If it was gridlock by design and the primary protections in place were meant to prevent the centralization of power under any of the three branches, the complete centralization of the money supply is the single greatest force undermining the intended structure. With the ability to print money at will allows the government to fund itself via unfettered debt expansion functionally funded by the Federal Reserve. The framers intended for the funding of government to be by the consent of the governed principally through taxation or otherwise actually paid for by the public via real money. Not something that can be created ex nihilo.

The stamping of paper is an operation so much easier than the laying of taxes, that a government, in the practice of paper emissions, would rarely fail, in any such emergency, to indulge itself too far in the employment of that resource, to avoid, as much as possible, one less auspicious to present popularity. - Alexander Hamilton, report to Congress 1790

The levying of taxes that would have to be funded by the American people was a key constraint to the balance and separation of powers. By having a quasi-private entity like the Federal Reserve, which controls the US dollar and has the ability to print it at will, the balance of power is fundamentally changed as Congress and the Executive branches are able to bypass the embedded gridlock as it was designed by the framers. It becomes one big horse trading game controlled by a select few in the legislative and executive branches without having to get the consent of the people when funding the expansion of the empire.

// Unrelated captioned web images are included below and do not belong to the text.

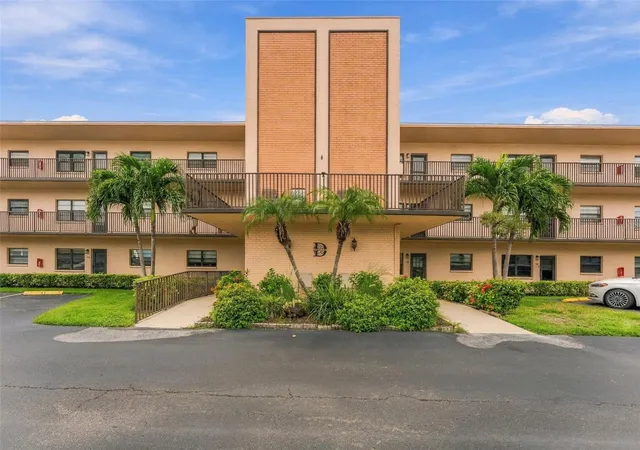 5971-ter-park-dr-n-108-saint-petersburg-fl-33709/hzid_bd7cb13d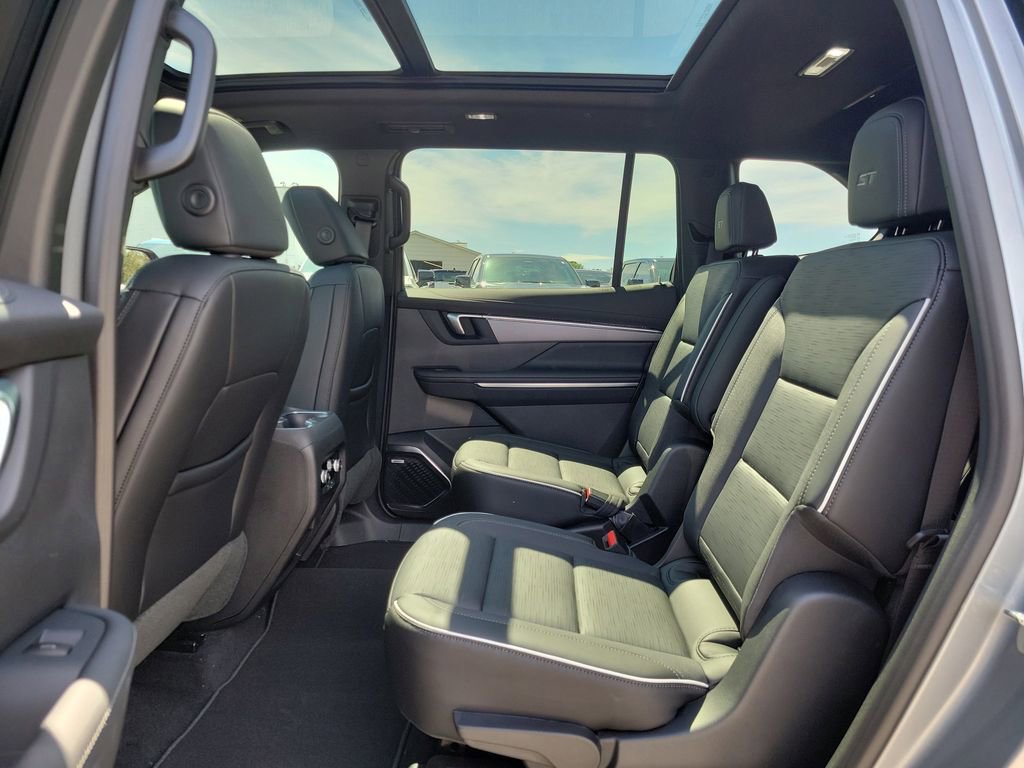 New 2026 Buick Enclave Sport Touring w/ Super Cruise Package image 13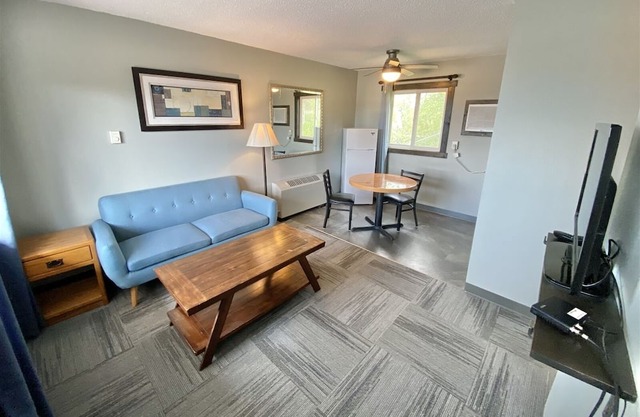 Suite 309 - Gorgeous 2nd floor Apartment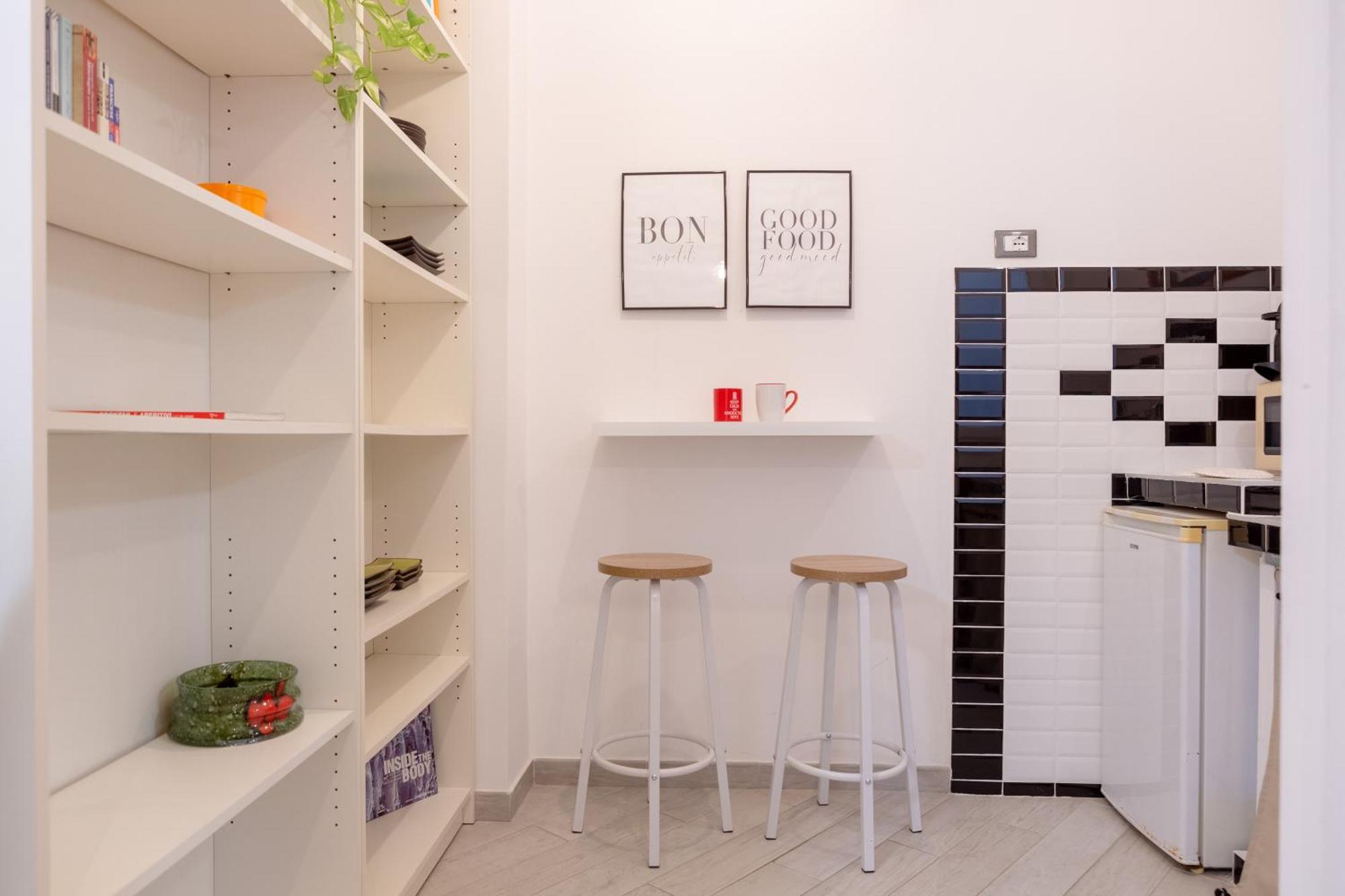 Stanza Comoda E Silenziosa Con Bagno Privato E Area Lavoro E Relax โรม ภายนอก รูปภาพ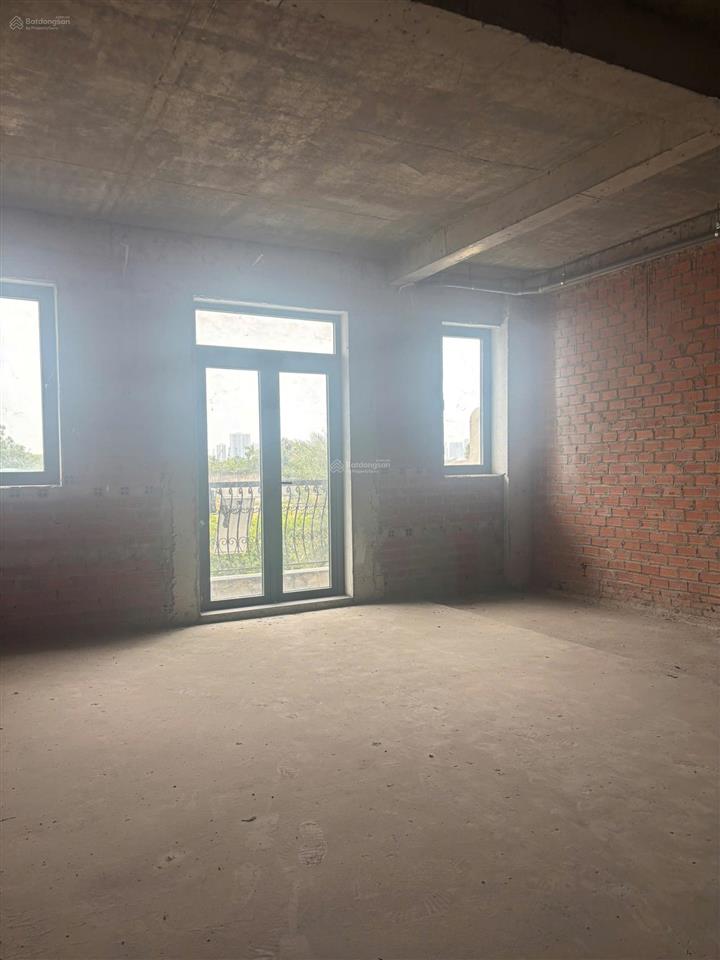 Nhà phố số 52 nguyễn xiển  giá thanh lý cực rẻ để đầu tư  5 tầng và 300m2 sàn xây dựng (6x13.5m)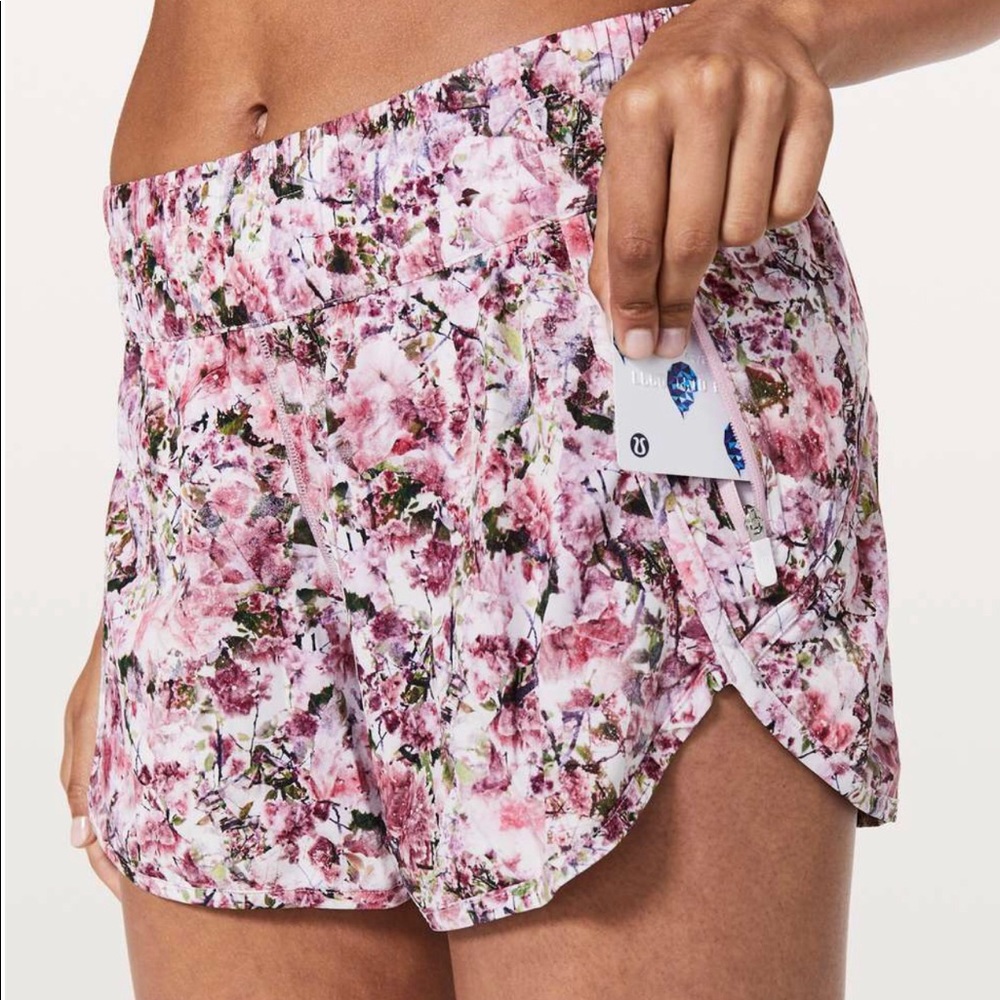 Lululemon Tracker V short size 12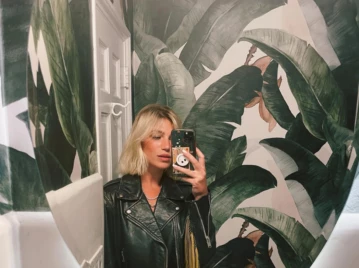 Stef Roitman en el espejo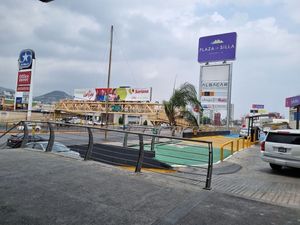 Vista de la avenida Eugenio Garza Sada desde la plaza.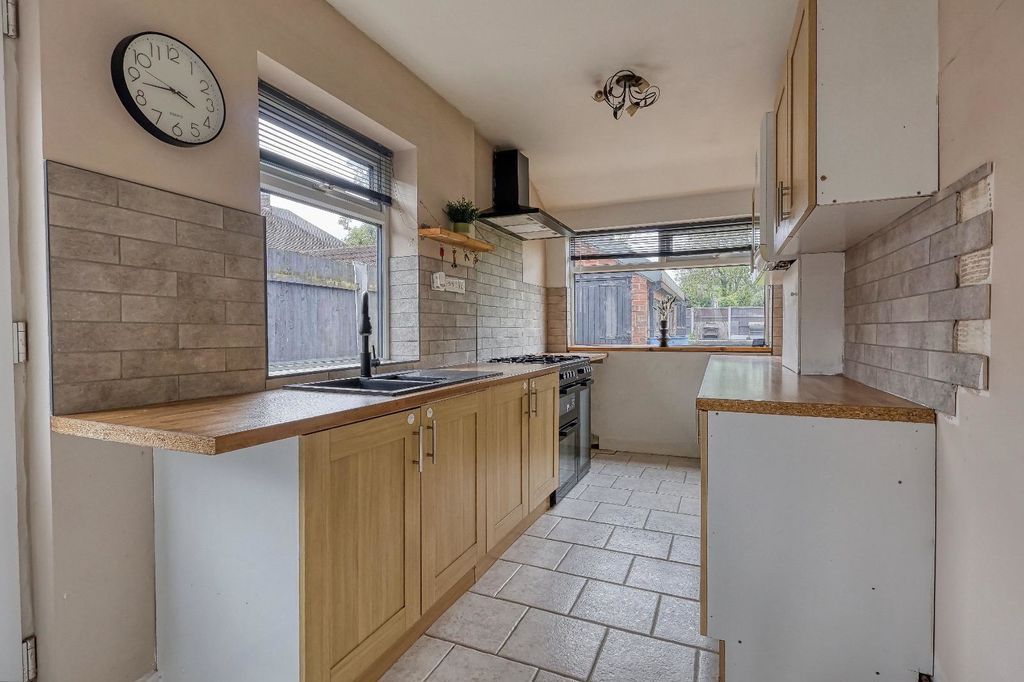 Property photo 2 of 15 Kitchen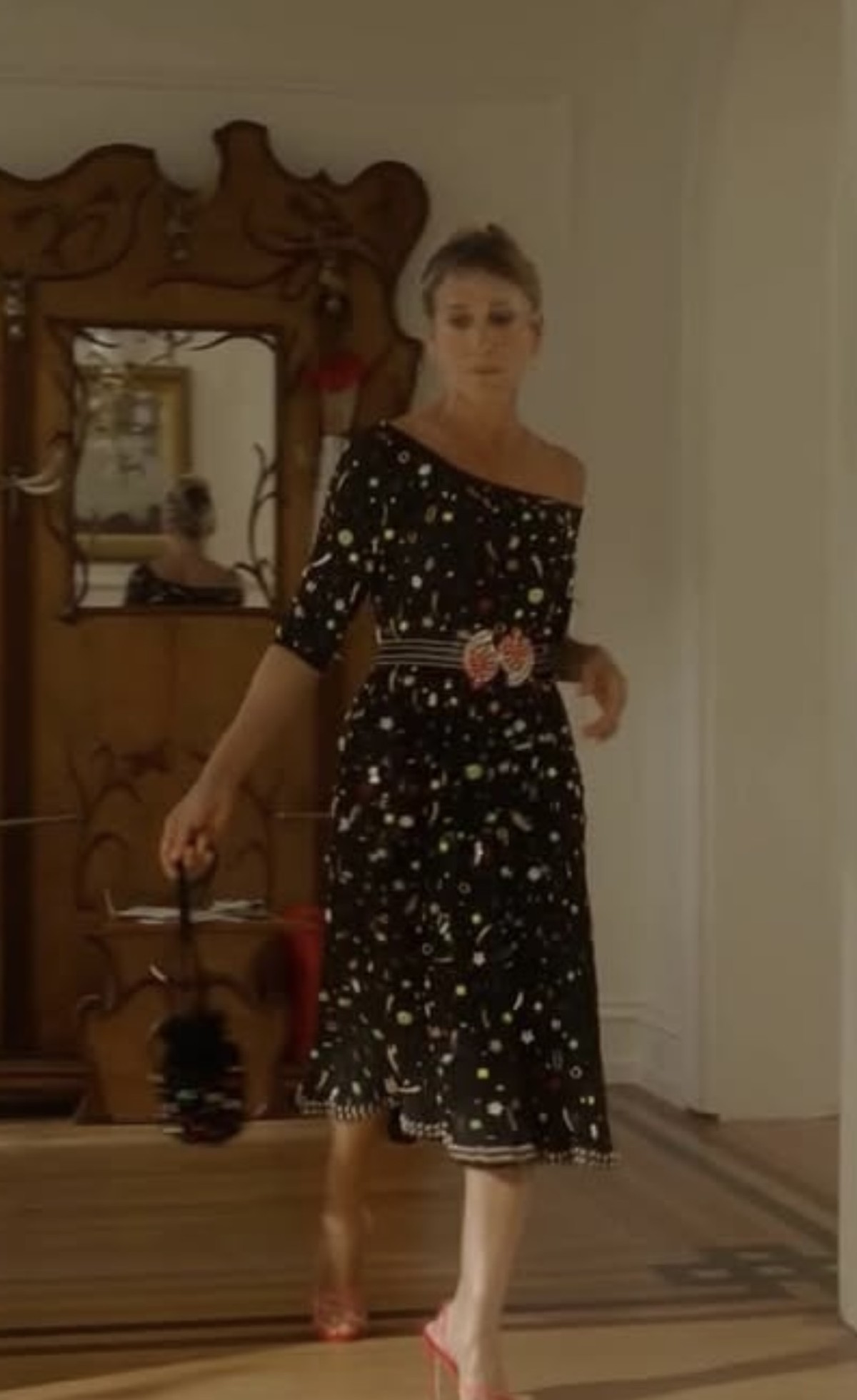 Isabela Capeto cria vestido inspirado em Carrie de 'And just like that...'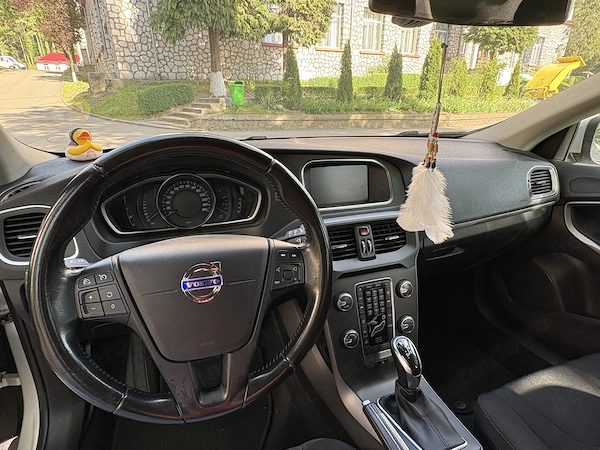 VOLVO V40 2014 — imagine 7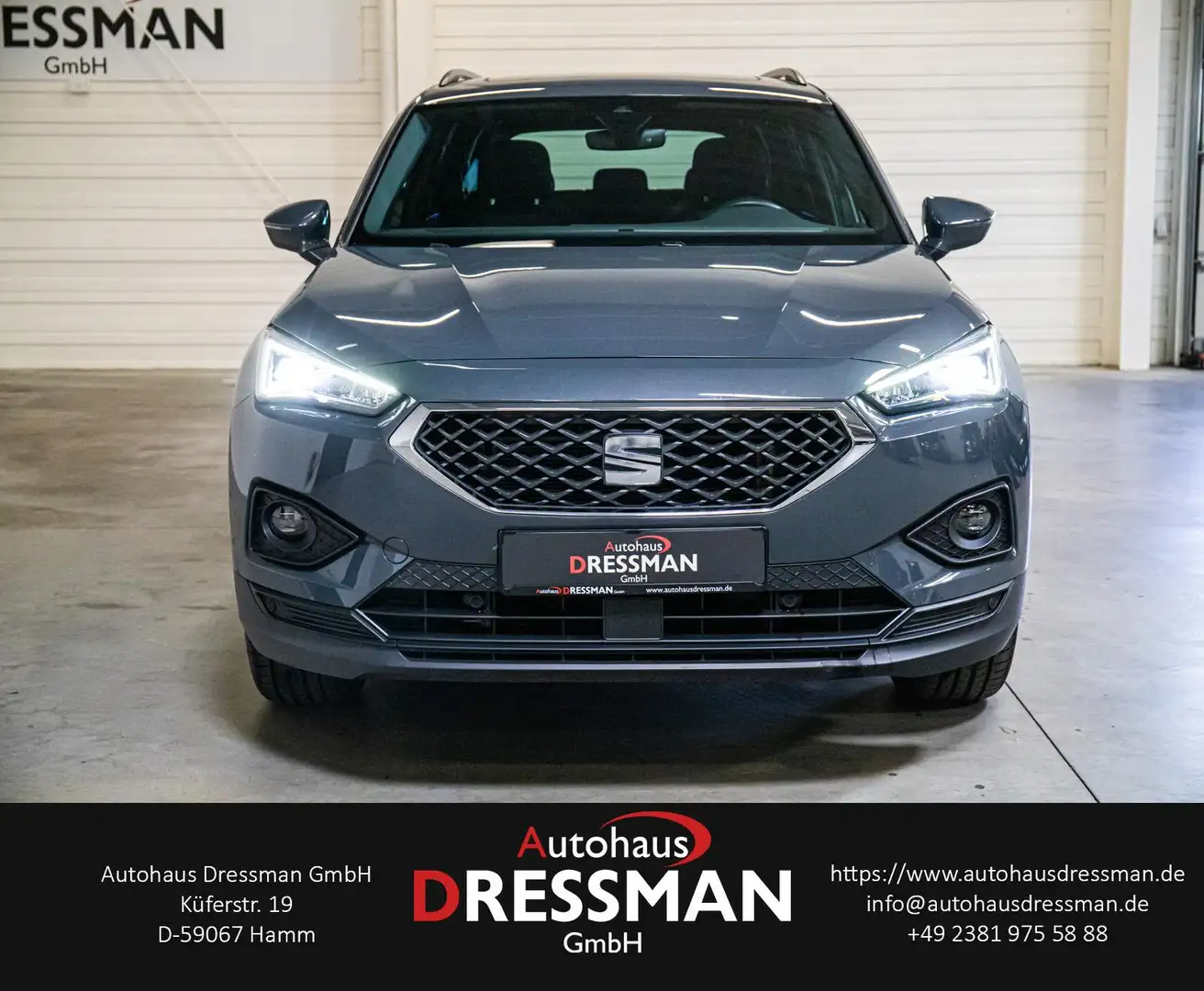 SEAT Tarraco DSG 1.5TSI Style VIRTUAL PANO LED KAMERA Grau - 2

Power is centralizing in the hands of the federal government in a way that the founding fathers could have ever imagined. While Hamilton had his flaws, particularly in regards to debt expansion in the early days of the Republic, he warned against the emission of unbacked paper money and predicted directionally what would happen, but could have never foreseen the emergence of things like unlimited and perpetual digital QE. All of which is against the interest of individual Americans and an anathema to what the founding fathers thought they were creating.

Just as the intended structure of the US government was meant to prevent centralization of power via embedded gridlock, the structure of the bitcoin network is designed to ensure decentralization and gridlock while preventing centralization. Bitcoin is valuable because it is difficult to change. The properties that are valuable in bitcoin only exist because of its governance structure. This design characteristic aligns almost perfectly with the original design of America's governance structure. And one could make the argument that for this reason, bitcoin is significantly more "American" than the US dollar, which explicitly corrupts the structure of government as it was originally designed.

As the world continues to devolve as a consequence of the proliferation of the dollar system and stress levels rise, which is driving many to put forth radical ideas, I think it is most advantageous to heed Parker's advice. In his presentation, Parker argues that we should first aim to "take the fly out of the ointment" before doing anything drastic in terms of changing the structure of government. The governance structure as laid out by the authors of the Constitution is a very good structure. It just needs the ability to operate smoothly again. The dollar has undermined the structure and bitcoin will bring back the integrity of the structure that is so desperately needed.


Final thought...

I always knew the Minecraft kids were a problem.